Shortly before we left the church with our host families that night I received an email from my Mom saying that our Thursday night concert in PA was canceled, and we would be going to Ohio a few days early! Later that night I received an email from the director of a show taking place in Columbus this winter. She was letting me know that I had missed the original auditions, but if I happened to be in Central Ohio on Thursday night she would love for me to come to callbacks! I was so thankful for how clearly – and how quickly – God was making this decision! I attended the callback and a few days later was cast as Marian Paroo in the Music Man at the Palace Theatre in Columbus!
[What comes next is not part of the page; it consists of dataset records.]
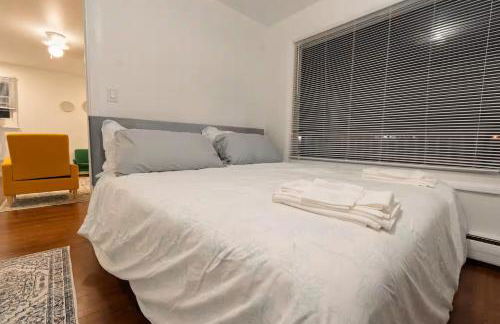 Two Bedroom house in Skokie with full kitchen and parking - Photo 18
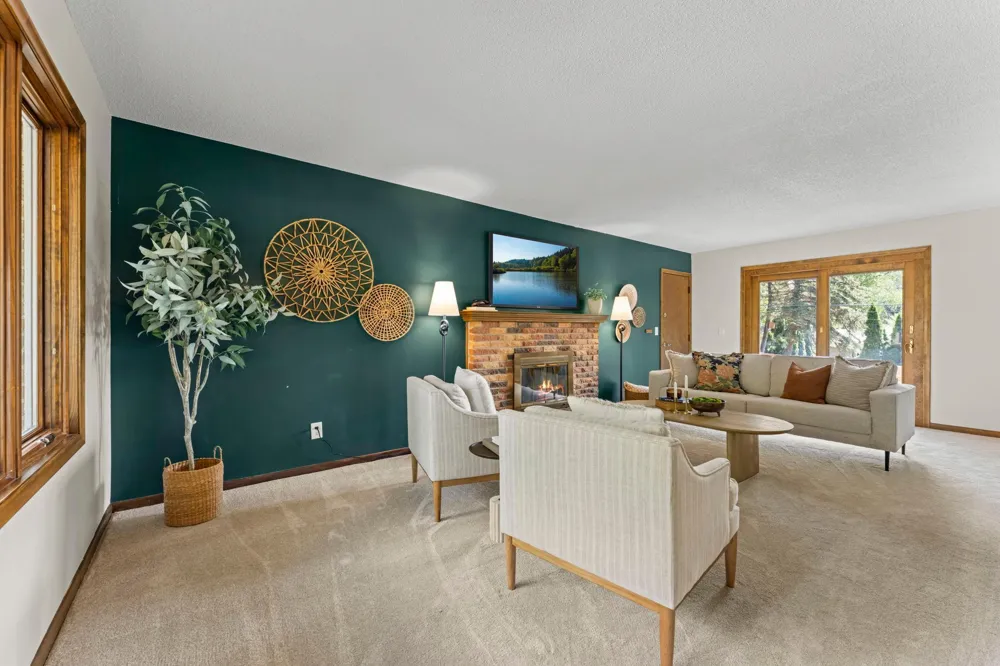 7181 Steepleview Road Woodbury, MN 55125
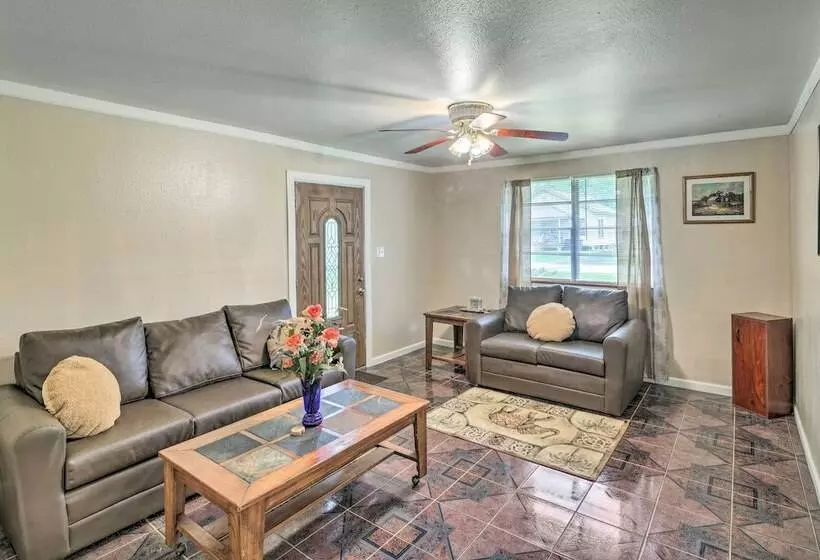 Gulf Coast Home < 2 Mi To Parks & Museums!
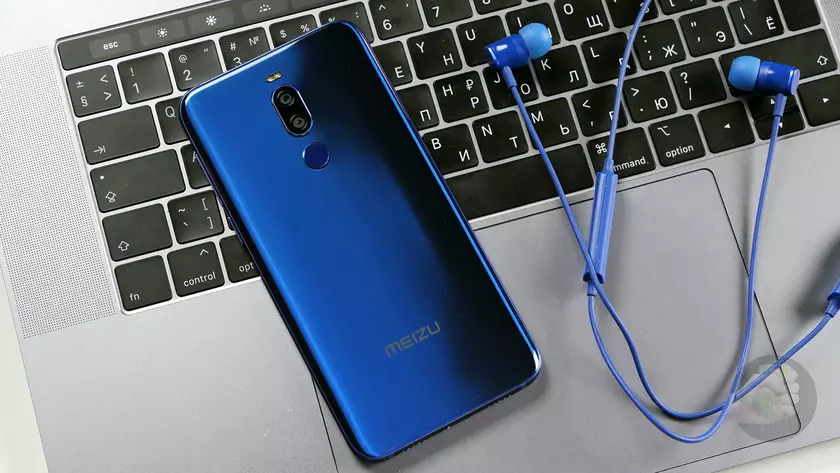 Meizu X8 — теперь и в градиентной расцветке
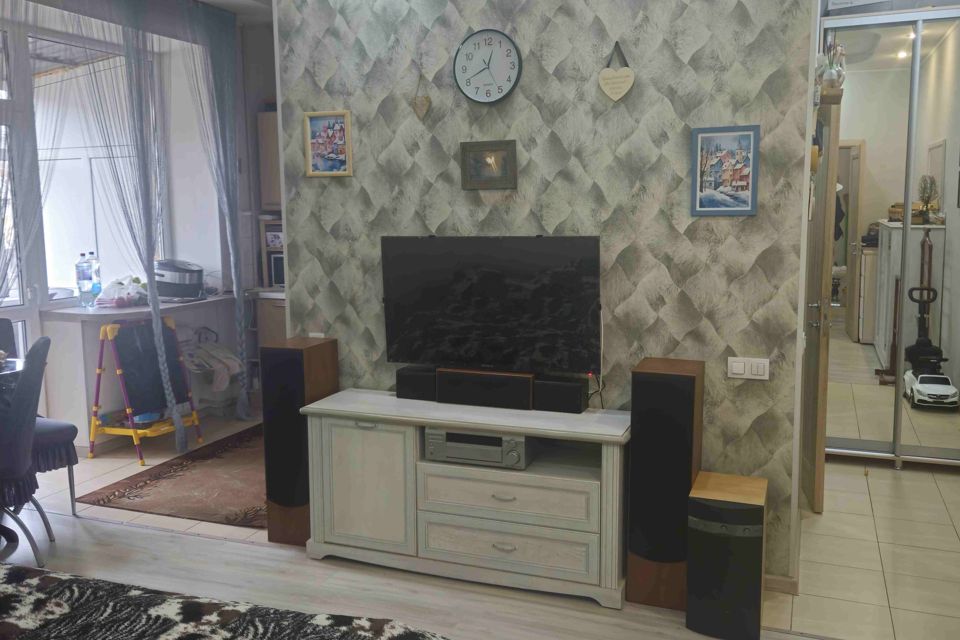 Продаётся 2-комнатная квартира, 43.2 м²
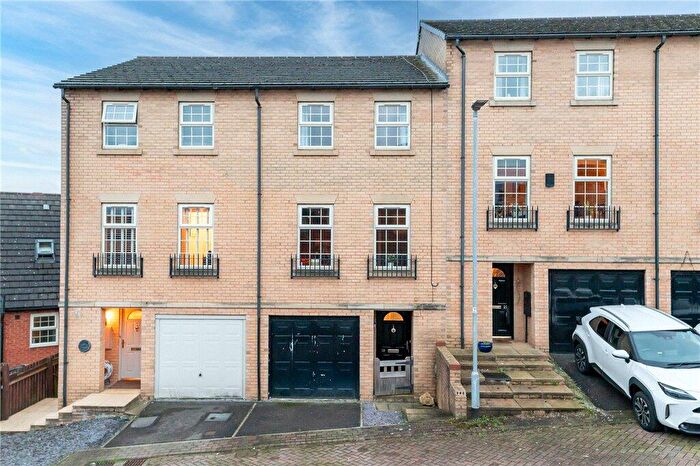 3 Bedroom Town House For Sale In Mozart Way, Churwell, Morley, Leeds, LS27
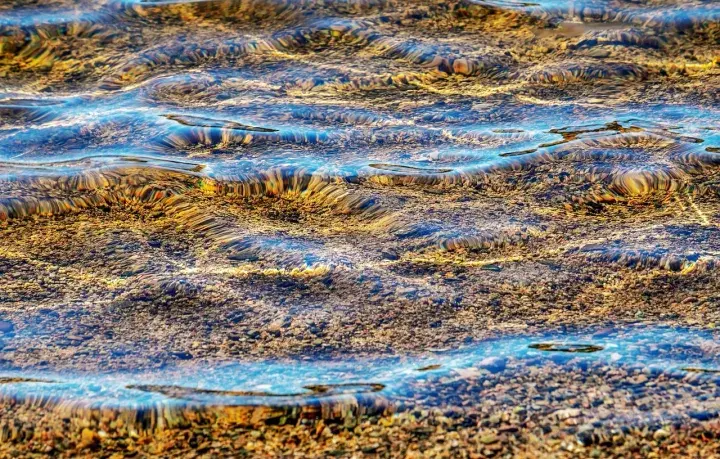 Прозора морська вода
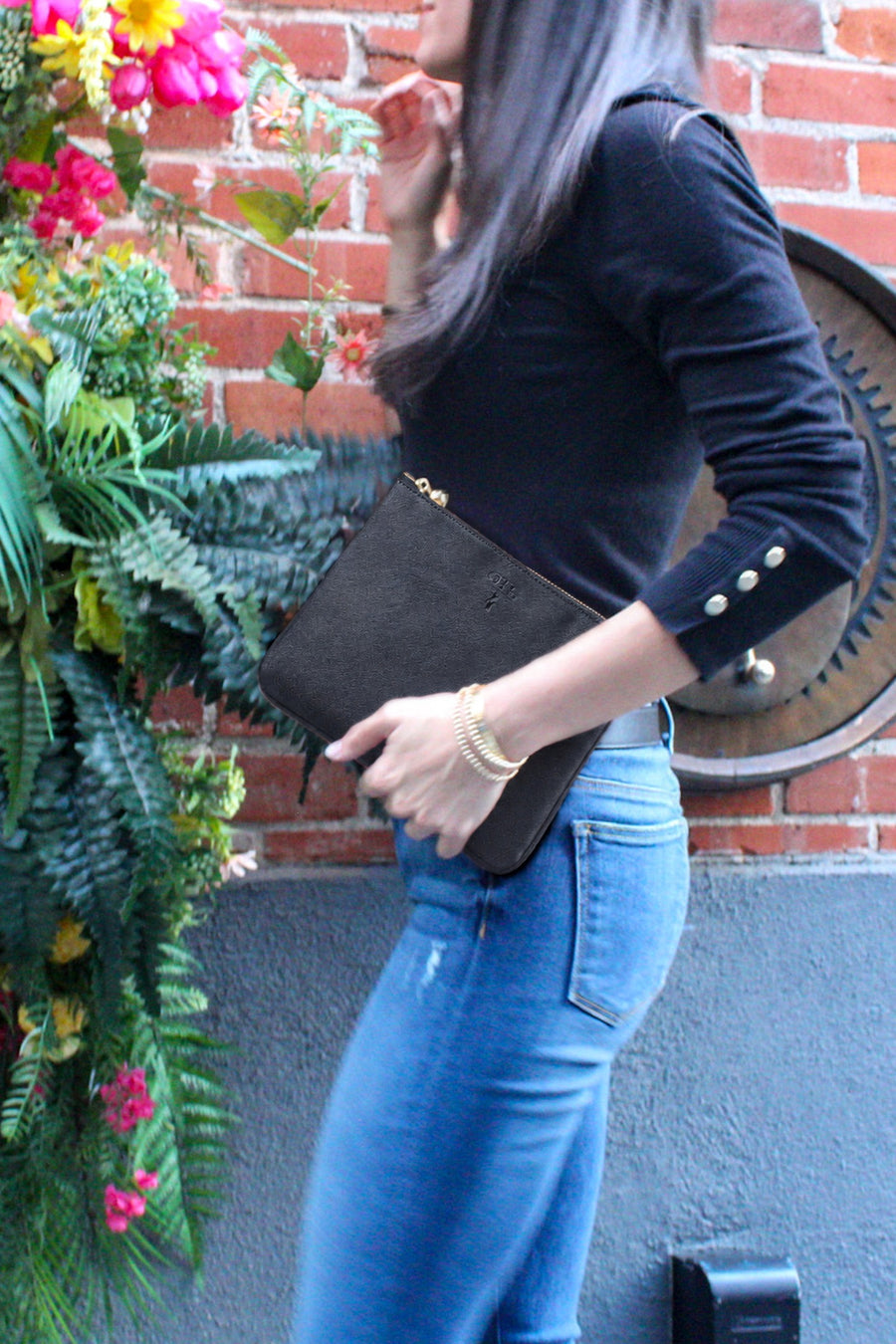 #4 Black Pouch, lifestyle photo 1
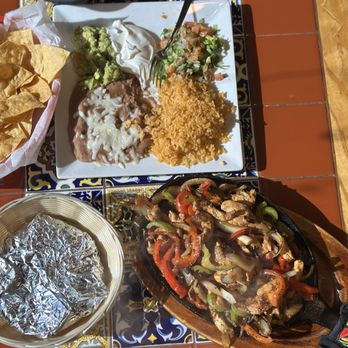 Los Molcajetes Mexican Restaurant - Chicken fajitas, ask for grilled more. rice beans guac sour crm, pico de gallo & corn torts - Mexican Near Me - Castro Valley, California Los Molcajetes Mexican Restaurant - Chicken fajitas, ask for grilled more. rice beans guac sour crm, pico de gallo & corn torts - Mexican Near Me - Castro Valley, California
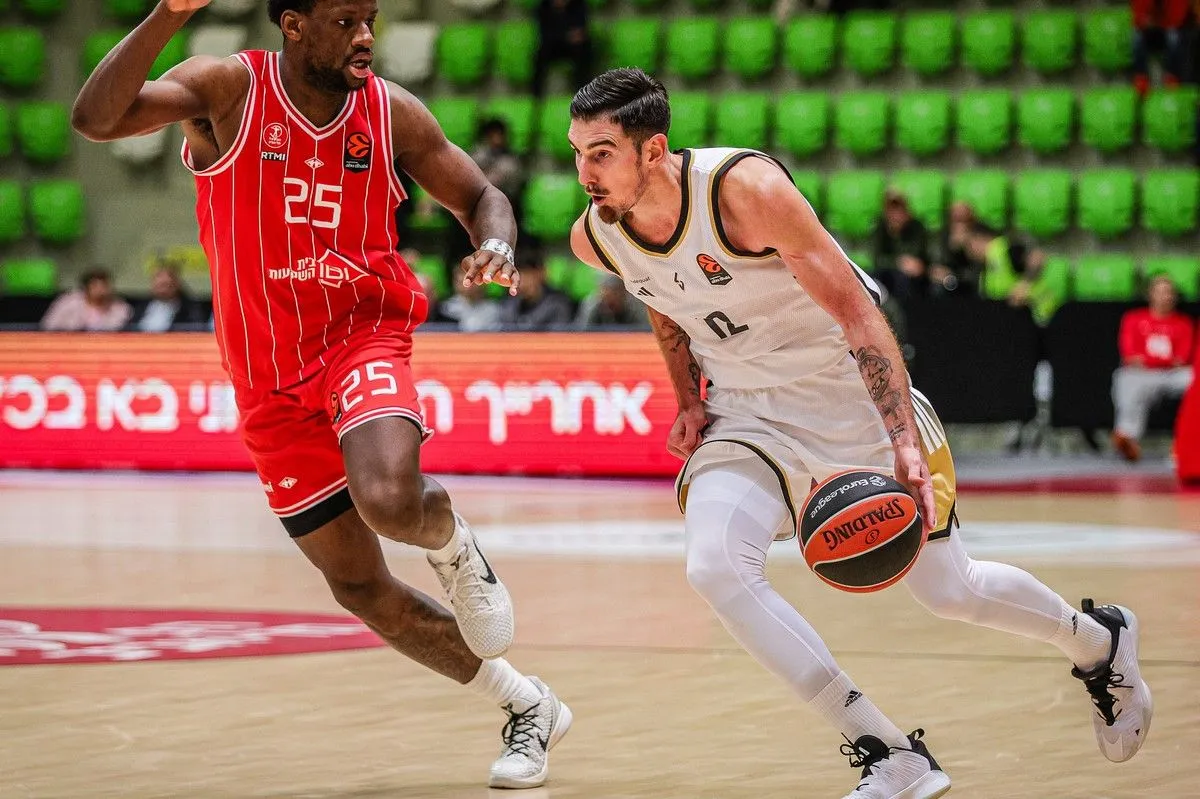 Ο Νάντο ντε Κολό έχει πάρει φωτιά: Τα δύο μεγάλα ματς και οι 52/52 βολές στη σεζόν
My time touring with Choir 34 will end at Christmastime. I can’t tell you how awful I feel for leaving tour and breaking my commitment. I will miss those kids so much and feel terrible for any difficulties I am causing by leaving the team short-staffed. Despite how clear God has made this decision, it is still difficult to not have doubts, the last thing I wanted was to let ACC down. But, I asked for wisdom in this situation and feel that God was very obvious in answering the prayer. To decide not to take the role would be to doubt God’s wisdom (James 1:5-8).

I don’t think that I stumbled on the path of ACC by accident. God knew that this was exactly what I needed to be able to break a bad cycle. I am grateful for every minute I have spent with these kids, and will continue to support the choir as much as possible, just in different ways. I hope that you will continue to support and follow them as well! I am overwhelmed with all that has happened in these few short weeks, but am so thankful for a God that won’t give up on ridiculous people like me! Please pray for my transition from tour life back into theatre, it is sure to be a difficult goodbye.